The spokesperson for the International Criminal Court (ICC) clarified that the international body is taking “all necessary measures” to ensure the well-being of its detainees after Vice President Sara Duterte said that their family received information that detained former president Rodrigo Duterte was once found unconscious in his room.
ICC takes 'all necessary measures' over detainees' well-being—spox
Former president Rodrigo Duterte (ICC Photos)
“Respecting the right to privacy, we do not comment on matters related to private situation of a detained person,” ICC spokesperson Fadi El Abdallah said in a statement on Saturday, Sept. 28.
“The Court also takes all necessary measures for the preservation of physical and psychological well-being of all detainees,” he added.
The spokesman also stressed that the ICC acts “in accordance with the ICC Rome Statute and relevant applicable rules and follows the international standards of detained persons having access to consular representatives” in response to the Vice President’s claims that the ICC violated her father’s privacy and endangered his life for allowing the welfare check of officials from the Philippine Embassy in The Hague.
“Such visits, if any, are strictly conducted with the approval or at the request of the person in detention,” the ICC official stressed.
DFA defers to ICC
The Department of Foreign Affairs (DFA) also deferred to the ICC spokesman’s statement when asked about the former president’s medical condition.

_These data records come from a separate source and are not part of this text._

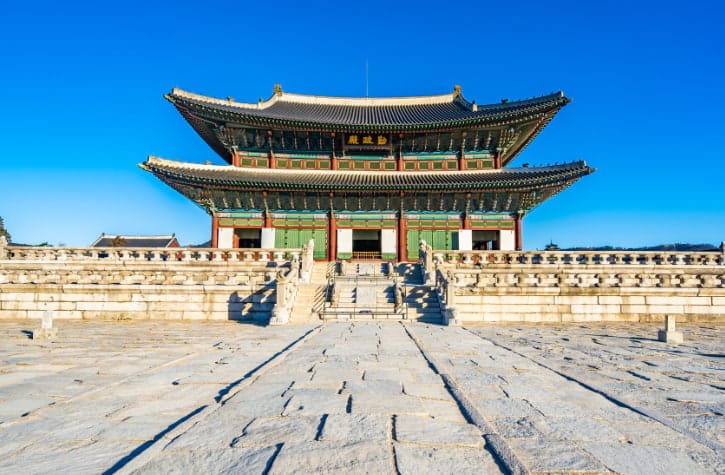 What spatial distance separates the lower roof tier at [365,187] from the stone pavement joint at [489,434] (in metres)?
17.8

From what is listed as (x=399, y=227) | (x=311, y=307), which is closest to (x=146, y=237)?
(x=399, y=227)

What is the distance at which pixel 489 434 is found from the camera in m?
3.27

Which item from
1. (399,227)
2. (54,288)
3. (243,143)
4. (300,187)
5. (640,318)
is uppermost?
(243,143)

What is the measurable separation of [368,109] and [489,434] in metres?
29.7

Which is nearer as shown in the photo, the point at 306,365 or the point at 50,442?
the point at 50,442

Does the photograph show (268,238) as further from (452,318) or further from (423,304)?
(452,318)

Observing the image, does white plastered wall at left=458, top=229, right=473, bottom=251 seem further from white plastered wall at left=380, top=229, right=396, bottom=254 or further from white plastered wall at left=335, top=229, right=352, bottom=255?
white plastered wall at left=335, top=229, right=352, bottom=255

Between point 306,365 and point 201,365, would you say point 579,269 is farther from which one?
point 201,365

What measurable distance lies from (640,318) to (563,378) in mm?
11356

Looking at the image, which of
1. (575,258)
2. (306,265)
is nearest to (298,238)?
(306,265)

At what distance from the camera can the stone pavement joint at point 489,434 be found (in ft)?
8.84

It also stressed that the consular visit “was made by career consular officials of the Embassy in a professional, nonintrusive and respectful manner, and not by any other supposed ‘agents of the government.’”
This as the Vice President alleged in a separate statement that the ICC allowed “agents of the government that abducted former president Rodrigo Roa Duterte to intrude upon him and exploit his frail and compromised health.”
‘Surreptitious visit’
Atty. Nicholas Kaufman, the former president’s lead counsel, said that the 80-year-old former leader reported “a couple of incidents” when he fell in his cell, with at least one incident that caused him to lose consciousness and had to be sent to the hospital where he was supposedly “assessed for cranial and brain injury.”
“The former President is fatigued from his detention and physically incapacitated by various medical conditions afflicting a person of his advanced age,” he added, while also criticizing the “surreptitious visit” of the embassy officials “to gather intelligence under the pretense of offering supposed ‘care and concern’ for the welfare of one its citizens.”
The Duterte camp is seeking the interim release of the former president to a third-party country, and is also urging the ICC’s pre-trial chamber for the adjournment of all legal proceedings against him because of his declining cognitive functions.
The former chief executive is facing multiple counts of murder charges for the thousands of killings in the name of his administration’s brutal drug war.
He was scheduled for a confirmation of charges hearing on Sept. 23 but this was postponed by the pre-trial court, citing the defense’s claim that Duterte is unfit to stand trial.